Air-conditioners are not inherently right-wing devices. You'll hear them whirring all over Washington, D.C., this time of year, outside offices occupied by Republicans, Democrats and political groups across the spectrum, from the NRA to NOW and beyond. Only a tiny number of politicians, and no leading member of either major party, would dare put ecological limits ahead of short-term economics. Who's going to suggest that summer be a time to back off and simply not make, sell and buy so much stuff? None will dare say that a million and a half people have no business living and working in a place like Phoenix or that Miami has grown beyond supportable limits. And the ecological damage done by that refusal to slow the wheels of commerce is irreversible (see See Part I).
If it means keeping control of Middle Eastern and Central Asian oil and gas, the White House and most members of Congress have no problem calling for sacrifices: the prospect of a trillion dollars out of taxpayers' pockets, the blood of many thousands, the devastation of whole nations. But don't expect political leaders to ask that Americans save energy by sweating a bit more. They certainly aren't asking themselves for any sacrifices. As Rep. John Murtha, D-Pa., a decorated combat veteran and harsh critic of the Iraq war, recently said of Karl Rove, "He's sitting in his air-conditioned office on his big, fat backside saying, 'Stay the course.' That's not a plan."
The political system is wilting partly because its roots have become shallow. People are becoming less and less inclined to gather spontaneously in noncommercial places, and air-conditioning reinforces that social chill. A shady suburban street on a pleasant 85-degree summer evening can be as free of human life as it might be during a Christmas Eve ice storm. Keeping people indoors and comfortable reinforces a tight focus on the individual or nuclear family rather than a larger community, and that is part of what's crippling grassroots political action. Air-conditioning helps numb us to the prospect of ecological breakdown on a planetary scale as well. It's more tempting to think of global warming as a problem that only people in sweltering Bangladesh will have to deal with when we view their flood-prone plight from a seat in a cool living room or movie theater.

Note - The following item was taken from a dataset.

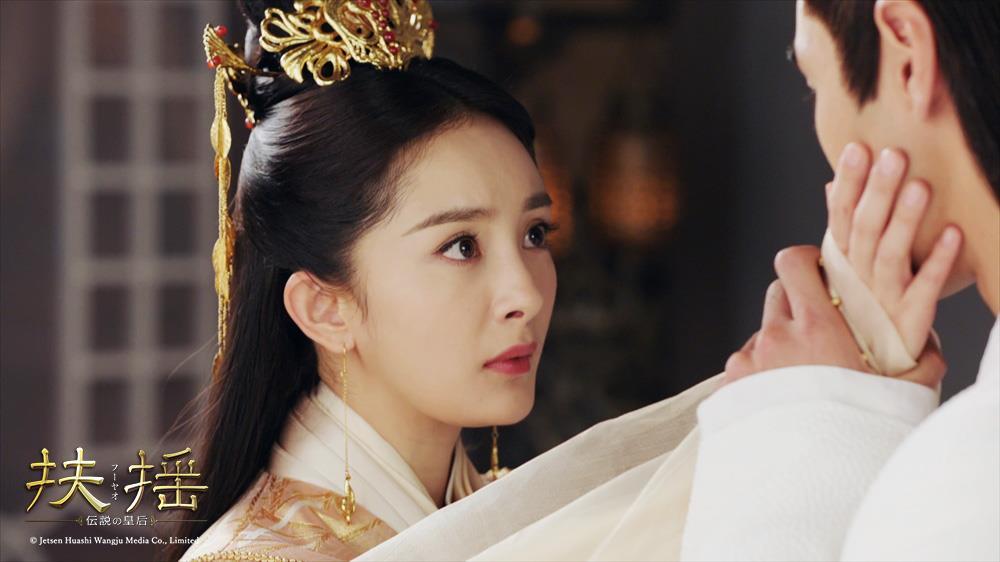 「扶揺」60話の場面写真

Lack of toughness in dealing with summer heat and personal discomfort will make any efforts to kick the carbon habit seem just as feeble. Clinging to air-conditioning as a necessity is the best way to prove anti-ecological conservatives right when they dismiss renewable energy as inadequate. Better insulation and 'green' energy can never be enough to satisfy the nation's summer demand for A/C. Just to air-condition buildings -- and do nothing else -- would require eight times as much electricity from renewable energy as is currently produced. In a paper published in the journal Science in 2002, a team of 18 leading energy researchers predicted what would be required to supply the world's expected energy needs in the year 2050 without adding carbon dioxide to the atmosphere. Finding, in the words of a press release announcing the article, that "no existing alternative energy source, nor combination of sources, currently exists that could adequately replace the energy produced by fossil fuels," they struggled to identify as-yet-undeveloped technologies that could supply the planet's needs, assuming per-capita consumption remains similar to today's.

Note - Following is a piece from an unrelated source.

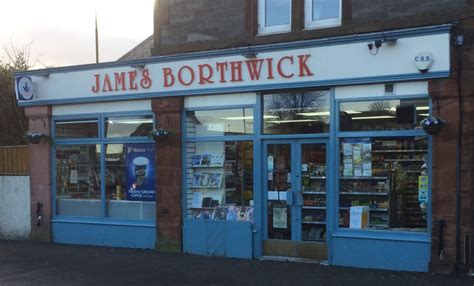 James Borthwick Ltd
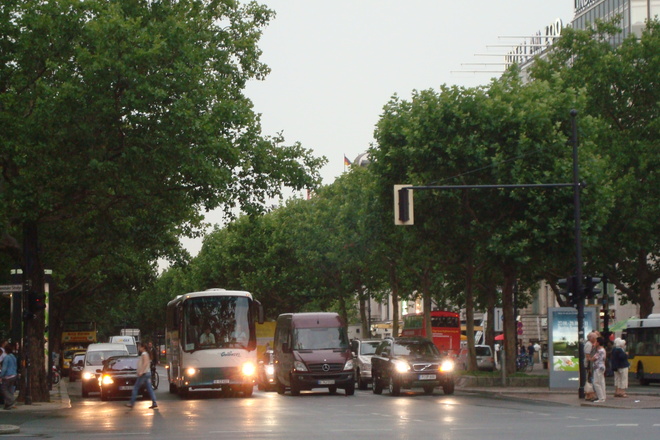 Photo of Kurfürstendamm Strasse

Few of the strategies they considered -- including outlandish ones like a set of 660 photovoltaic solar arrays, each the size of Manhattan Island, placed in outer space -- appear likely to become reality. And, warned the authors, "the disparity between what is needed and what can be done without great compromise may become more acute as the global economy grows." The only effective approach will be to slash current energy consumption, especially where it is most wasteful.

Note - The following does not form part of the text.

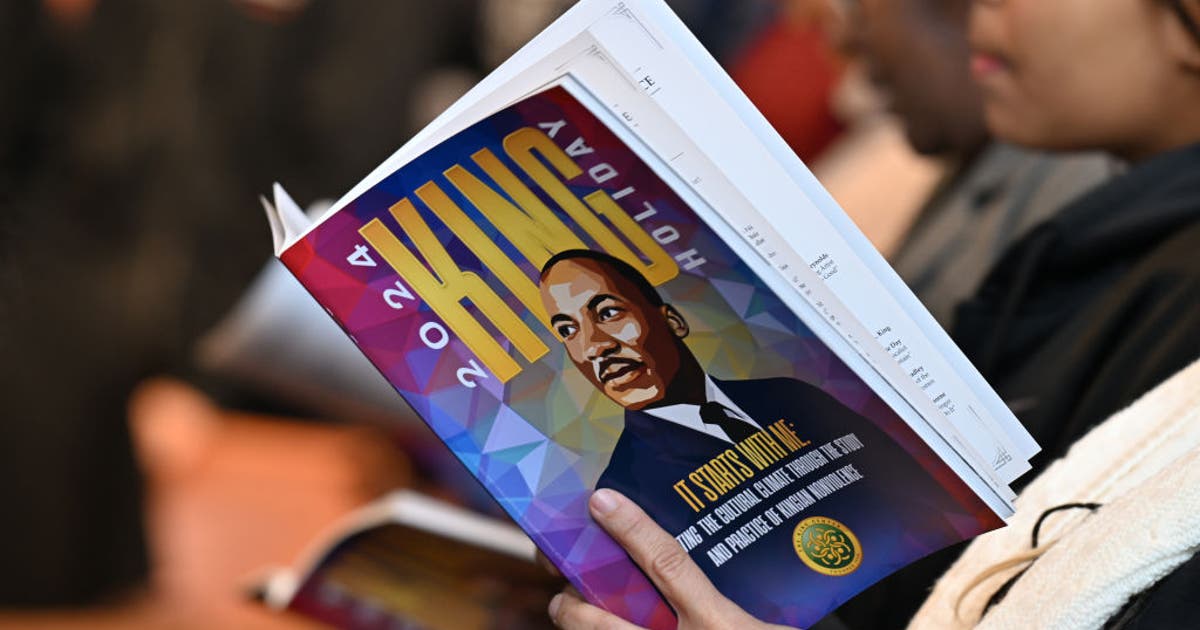 Full Recap: Martin Luther King Jr. Day Commemorative Service 2024 | FOX ...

Along with keeping cars parked, we could start by throwing open a few windows. The United States devotes 18 percent of its electricity consumption just to air-condition buildings. That's more than four times as much electricity per capita as India uses per capita for all purposes combined. Producing that power for climate control in our interior spaces is playing a big role in distorting the planet's climate. To achieve the deep reduction in our greenhouse gas emissions that's going to be necessary, while insisting that we remain an air-conditioned nation, would take us into the realm of science fiction -- or maybe into a nuclear power-plant construction boom.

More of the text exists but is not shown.